Chinese New Year may not be a happy affair for all

HRM 05 Feb 2013

To the Chinese, there is no festival more important that the Chinese New Year. In China, companies scaling back on the traditional annual celebrations are raising the ire of its workers, who deem it as nothing less than a travesty.

This cut in spending has much to do with the austerity drive launched by the new Chinese leadership of Xi Jin Ping due to the economic slowdown.

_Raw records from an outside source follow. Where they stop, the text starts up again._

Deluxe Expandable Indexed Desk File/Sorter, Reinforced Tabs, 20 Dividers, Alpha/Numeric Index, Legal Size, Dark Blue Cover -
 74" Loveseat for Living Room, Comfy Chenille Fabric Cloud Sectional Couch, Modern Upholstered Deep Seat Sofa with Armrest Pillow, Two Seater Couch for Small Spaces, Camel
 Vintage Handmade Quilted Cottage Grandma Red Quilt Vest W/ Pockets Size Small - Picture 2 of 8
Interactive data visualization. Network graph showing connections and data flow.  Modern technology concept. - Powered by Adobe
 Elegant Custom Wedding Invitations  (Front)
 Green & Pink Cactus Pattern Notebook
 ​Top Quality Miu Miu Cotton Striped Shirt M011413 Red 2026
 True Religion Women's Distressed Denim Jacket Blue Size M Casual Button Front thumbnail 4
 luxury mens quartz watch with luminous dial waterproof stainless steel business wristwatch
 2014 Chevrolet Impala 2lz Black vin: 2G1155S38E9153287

Government departments and state-owned enterprises across China have had to cancel their festivities, causing many workers see red.

According to a report by Financial Times, even private companies are getting into the spirit of austerity, with some opting to hold their parties at fast food  restaurants.

CIC, China's $500bn sovereign wealth fund, opted not to hold a new year party this year. One employee was quoted as saying: "We have never been extravagant in our nianhui [new year parties], and actually had a really good year last year. I can understand if they wanted to do a smaller nianhui, but none at all is going too far."

In Shanghai, employees from branches of Agricultural Bank of China and Pudong Development Bank said their year-end festivities did not take place.

On Sina Weibo, the microblogging site, one employee posted pictures of her company's year end party at Pizza Hut, while another complained her company party at a five-star hotel took place from 9am to 11am and offered only the bare minimum: "No gifts, no lunch, no set plate . . . no tea or coffee offered. Everyone only got a mini bottle of mineral water."